The manner in which the n factor is calculated under this Communication represents a modification of the way the n factor was previously calculated. Previous communications took both the Member States’ GDP and their institutional weight into account. The latter was expressed through the use of a proxy, most recently the number of seats in the European Parliament allocated to each Member State.

By judgment of 20 January 2022, in Commission v Greece (18), the Court examined the elements considered relevant for assessing a Member State’s capacity to pay for the purposes of imposing financial sanctions based on Article 260 TFEU. In that judgment, the Court held that ‘[…] without prejudice to the possibility for the Commission to propose financial penalties which are based on multiple criteria, with a view, in particular, to allowing a reasonable gap between the various Member States to be maintained, it is necessary to rely on the GDP of the Hellenic Republic as the predominant factor for the purposes of assessing its ability to pay, without taking account of the institutional weight of the Hellenic Republic […].’ (19) According to the Court, ‘the objective of setting penalties that are sufficiently dissuasive does not necessarily require that account be taken of the institutional weight in the European Union of the Member State concerned’ and ‘taking into account the institutional weight of the Member State concerned is not essential to ensuring sufficient deterrence and inducing that Member State to change its current or future conduct.’ (20)

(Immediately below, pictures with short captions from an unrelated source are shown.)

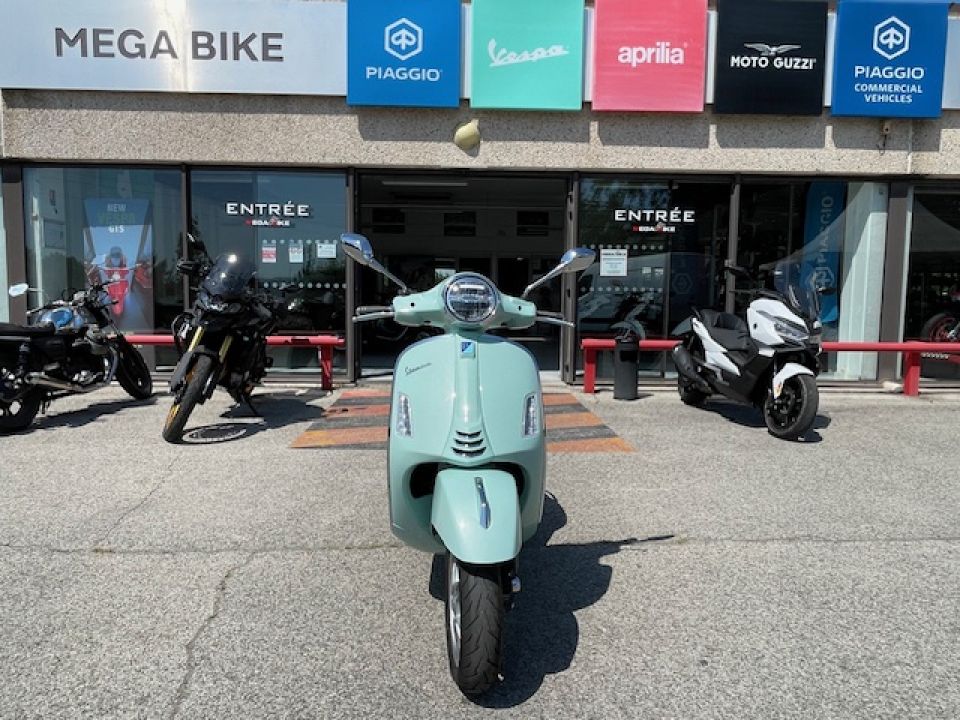 VESPA GTS 300 4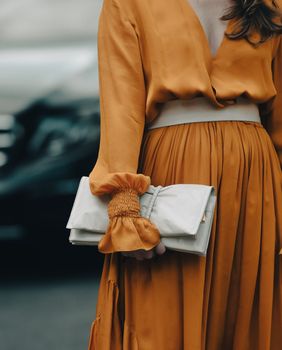 Haljine dugih rukava uskoro nećemo skidati sa sebe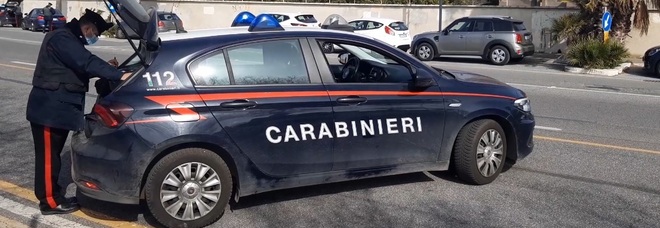 Pavia, ai domiciliari litiga con la moglie e chiede di tornare in carcere: i Carabinieri lo accontentano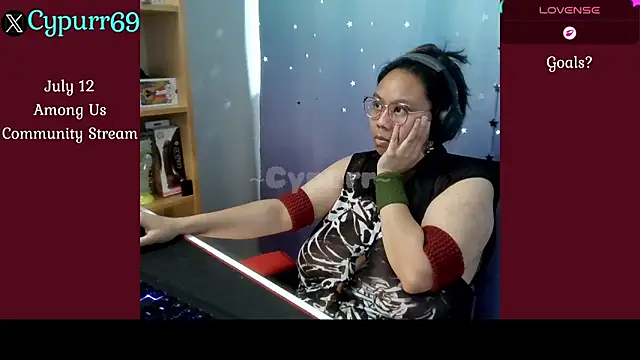 Snapshot of Cypurr chatting on 07.04.26 Cypurr online show from 07.04.26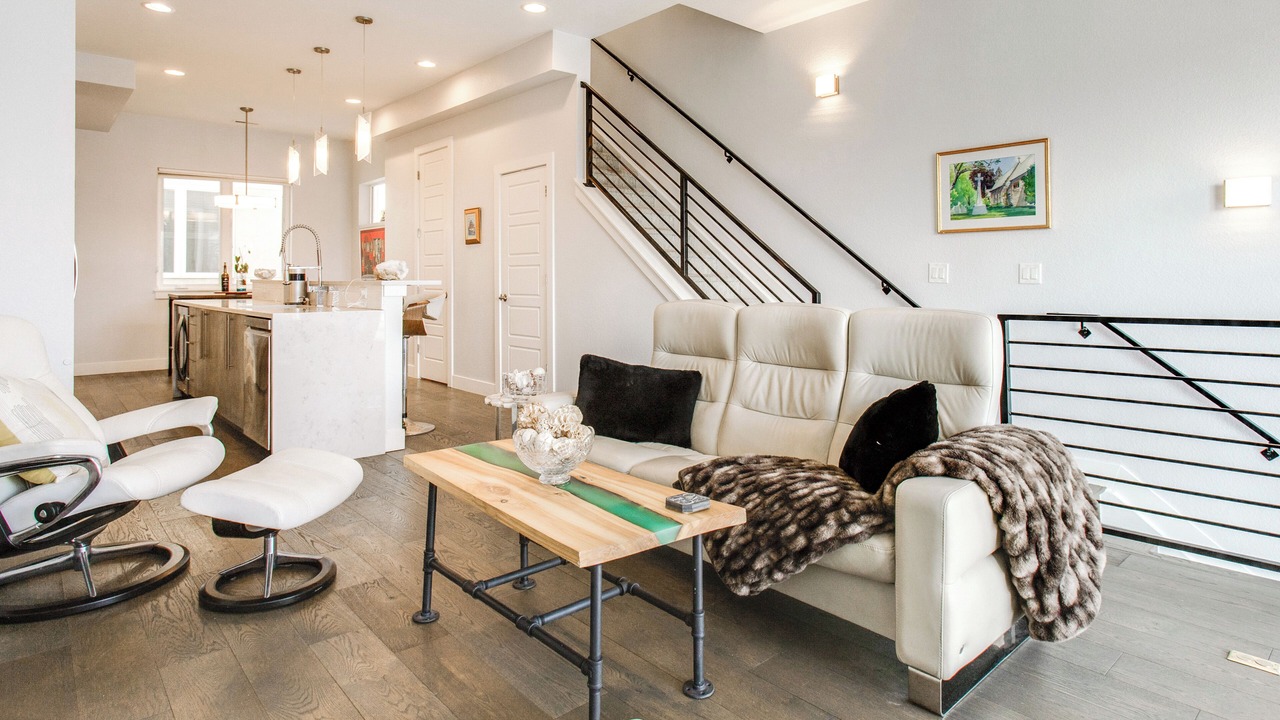Photo of Livingroom in Highland
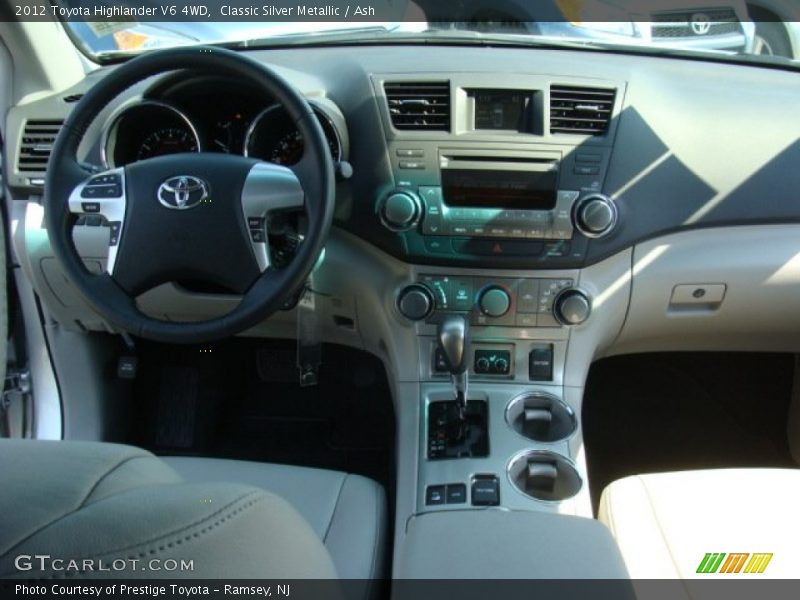 Classic Silver Metallic / Ash 2012 Toyota Highlander V6 4WD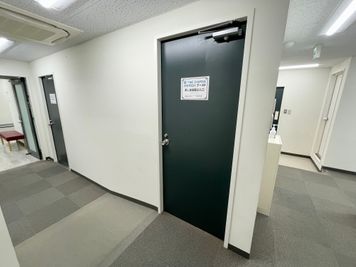 【「TIME SHARING 渋谷宇田川ブースF」と書かれたドアが会議室入口です】 - 【閉店】TIME SHARING 渋谷宇田川 ブースFの外観の写真
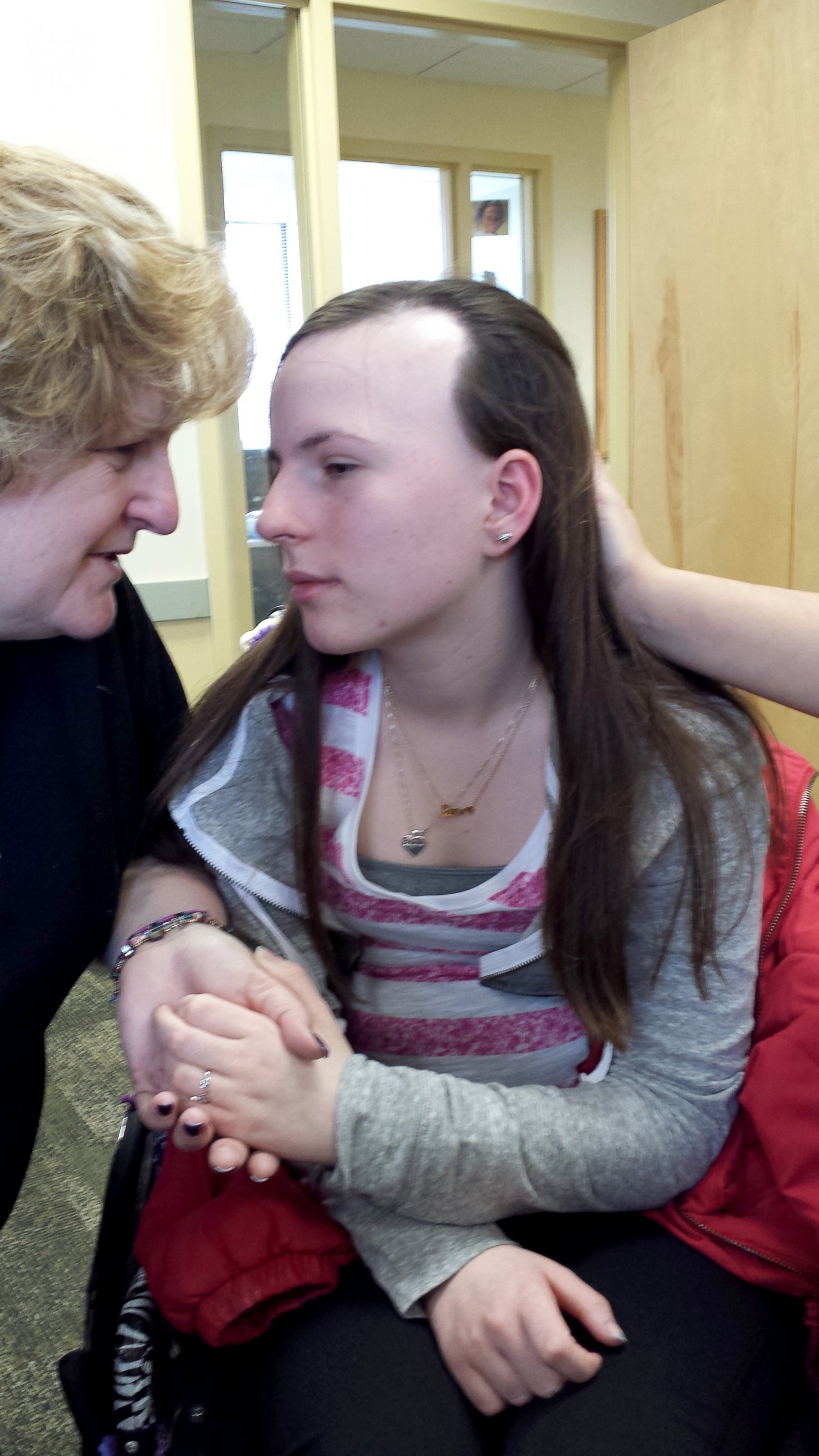 PHOTO: Justina Pelletier with her mother, Linda Pelletier, who said her daughter is losing hair because of lack of medical care.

The Commission has therefore decided to revise its method for calculating the n factor, which now predominantly relies on Member States’ GDP and secondarily on their population as a demographic criterion allowing a reasonable deviation between the various Member States to be maintained. Taking into account Member States’ population for one third of the calculation of the n factor reduces to a reasonable degree the variation of Member States’ n factors, as compared to a calculation based solely on Member States’ GDP. It also adds an element of stability in the calculation of the n factor, since population is unlikely to vary significantly on an annual basis. In contrast, a Member State’s GDP might experience higher annual fluctuations, in particular in periods of economic crisis. At the same time, since the Member State’s GDP still accounts for two thirds of the calculation, it remains the predominant factor for the purposes of assessing its capacity to pay.

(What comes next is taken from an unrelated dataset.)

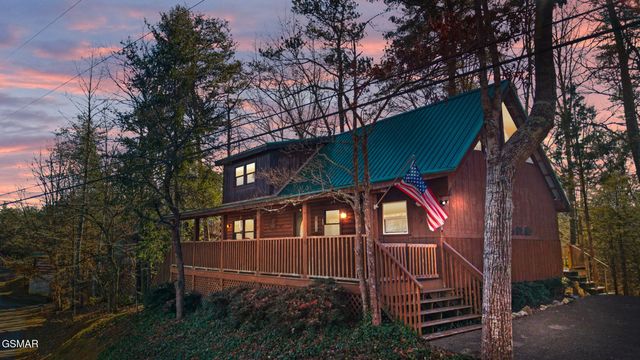 1518 Ridgecrest Drive, Sevierville, TN 37876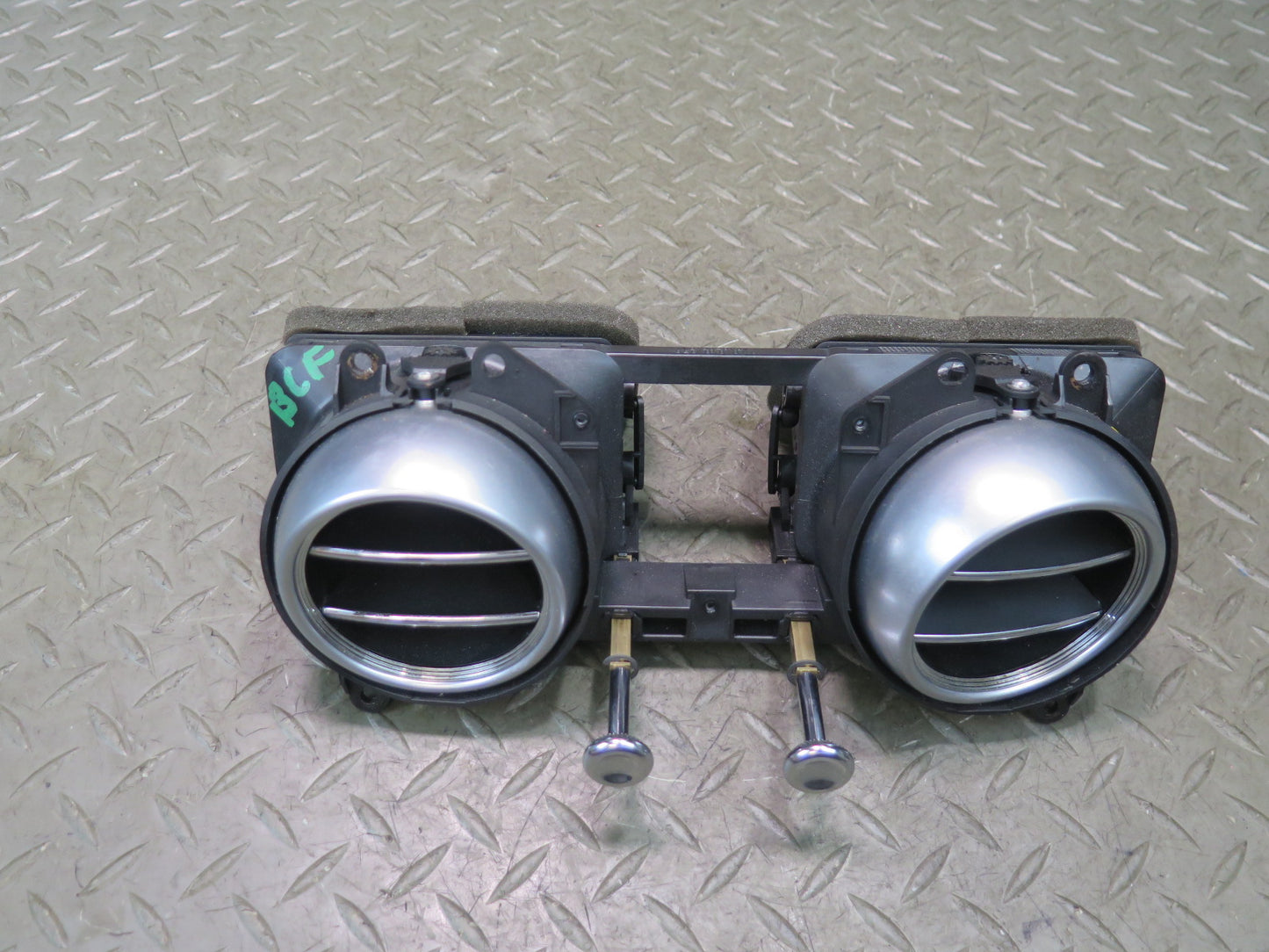 03-11 Bentley Continental GT Front Dash Center A/C Air Vent Grille 3W0819359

The n factors for each Member State are laid down in point 3 of the Annex I.

4.   LUMP SUM PAYMENT

To take full account of the deterrent effect of the lump sum payment and the principles of proportionality and equal treatment, the Commission’s proposal to the Court comprises:

the setting of a fixed minimum lump sum, and

a method of calculation based on a daily amount multiplied by the number of days the infringement persists; this method is applied when the result of the calculation exceeds the fixed minimum lump sum.

4.1.   Minimum lump sums

Each time the Commission refers a case to the Court under Article 260 TFEU, it proposes at least a fixed minimum lump sum, set for each Member State according to their n factor, irrespective of the result of the calculation in section 4.2.

That fixed minimum lump sum reflects the principle that any case of persistent non-compliance by a Member State with a Court judgment, or any failure by a Member State to transpose a legislative directive, irrespective of any aggravating circumstances, undermines the principle of legality in a community governed by the rule of law, and requires an effective sanction. The minimum lump sum also avoids the proposal of purely symbolic amounts which would have no deterrent effect and could undermine, rather than strengthen, the authority of Court judgments.

The minimum lump sum for each Member State is set out in point 5 of the Annex I.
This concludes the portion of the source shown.